Saturday, November 7, 2009

Chickens in the City


Today my husband and I attended a two-hour class sponsored by a local community garden project. The subject was on raising chickens in the city, and the teacher was a man who keeps five or so hens in his backyard. Evidently, there are a number of such backyard chicken enterprises throughout our community here on the east side of Atlanta. And the city has ordinances to provide some kind of control on backyard chickens while also not discouraging the practice. The Chickens-in-the-City class is so popular that it usually fills very quickly each time it is offered. One attendee at this morning's class said that she had tried many times to sign up for the class and had been put on a waiting list. On Friday, I received an e-mail from the community garden supervisor advertising that five slots were still available for this class from 10 A.M. to noon, so I quickly signed up online.
 
It was actually quite a lovely way to spend a Saturday morning; temperatures were in the mid-fifties at the beginning of the class, warming to mid-sixties, maybe, by noon. The sky was clear, and beautiful fall leaves stood out brightly against the blue. The teacher had set out a semi-circle of metal folding chairs in his backyard, and his talk was punctuated by the contented clucking of the chickens in the hen yard behind him. (My pleasure in the rather quirky gathering would have been much increased, however, had I not been suffering from a migraine that lingered well into the afternoon and early evening hours.)

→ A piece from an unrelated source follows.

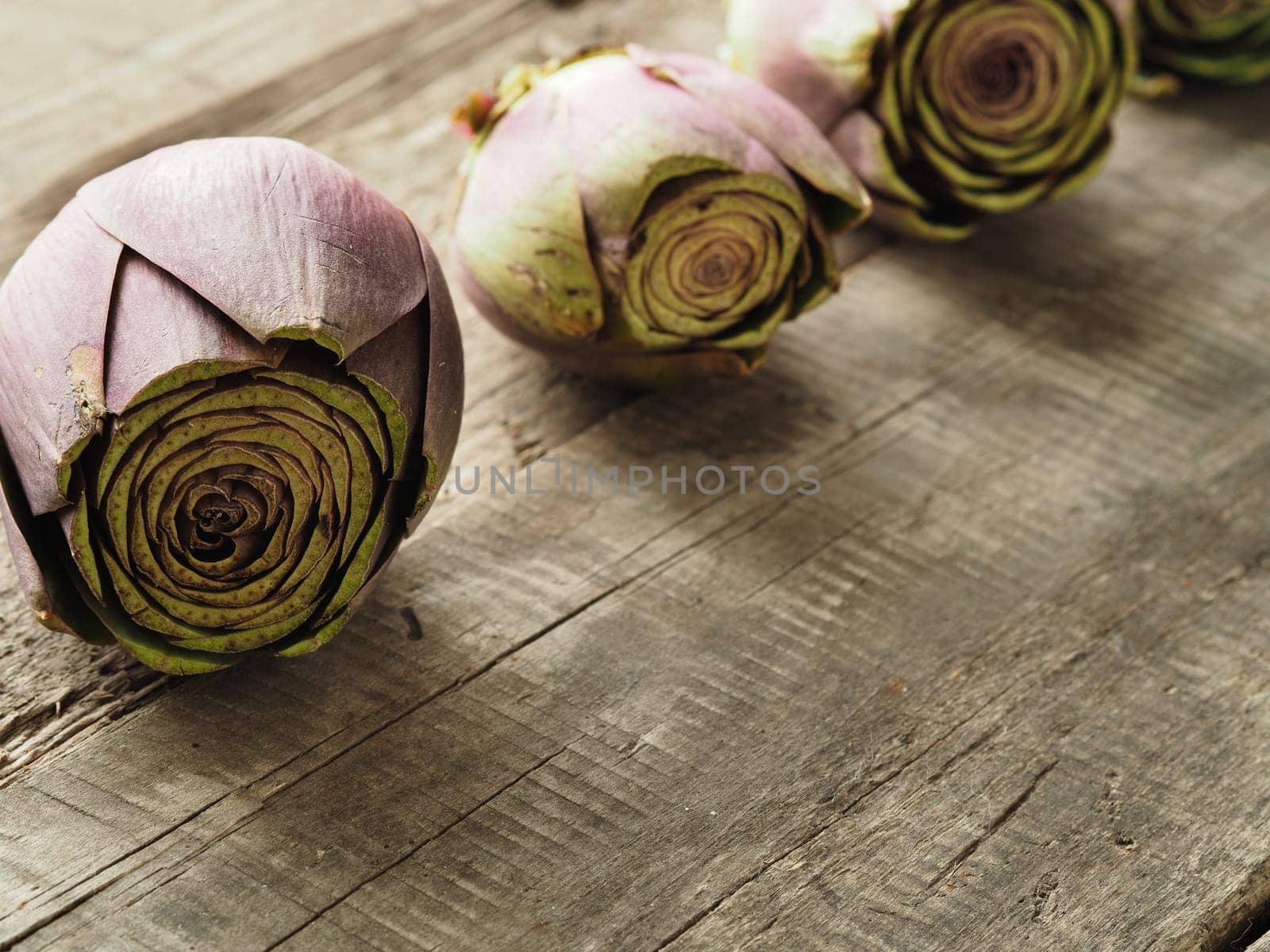 Healthy food concept with organic artichoke on a rustic wooden table, natural light with selective focus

I spent my childhood in the country in East Texas, and both my grandmothers raised chickens, as well as my father. My grandmother Margaret Cole Dugat mainly raised leghorns; she had a white henhouse of about one hundred chickens for a while, after she retired from teaching English to middle school children in Barbers Hill (also known as Mont Belvieu), Texas. My grandmother Ruby Scott Benton had a smaller, motley flock of red and brown chickens. And my father chose his chickens by their unique characteristics: Turkens with their featherless necks, Frizzle chickens with upturned feathers, Araucanas that lay blue or green eggs. He chose those chickens just for the delight of his children. But because I grew up in the country, I also knew the downside of raising chickens: snakes and possums in the henhouse, dogs chasing a flock and killing indiscriminately, and first-hand experience with processing chickens for Sunday dinner. I have smelled chicken death and plucked the feathers from many slaughtered chickens. (I never could eat chicken right after participating in processing those chickens for food; it would take about two weeks for me to get that raw, bloody meat smell--as well as the acrid smell of singed feathers--out of my mind.)

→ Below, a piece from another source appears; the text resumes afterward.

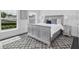 Cozy bedroom features a neutral color palette with a gray bed frame and plush rug, illuminated by natural light at 423 Arbor Cir, Celebration, FL 34747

When our Chickens-in-the-City teacher turned to the more earthy topics associated with raising chickens, people began shifting a bit uncomfortably in their chairs. He described the raccoon he caught in his henhouse two months ago which he dispatched with a shovel. His Ameraucana hen was so traumatized by the raccoon invasion that she hadn't lain an egg since then; most of the time she crouches under bush cover at the edge of the henyard. The raccoon had killed one hen and left another near death. The chicken owner had to dispatch the second hen in order to diminish her misery, and he described the various ways to kill a chicken. "Can we call you to dispatch our chickens when something like that happens?" one Chickens-in-the-City student asked, plaintively.

I know that I could kill a chicken if I had to, but over the years, I've left the butchering to other people. My husband followed the policy of my grandmother Margaret Cole Dugat: a chopping block and an ax. My grandmother Benton would take a chicken and break its neck by whirling it around and then snapping the neck with a flick of her wrist. I was the chicken-plucker. Most people in the class, however, seemed to be interested mainly in egg production and in the counter-culture act of owning chickens in the back of their very suburban yards.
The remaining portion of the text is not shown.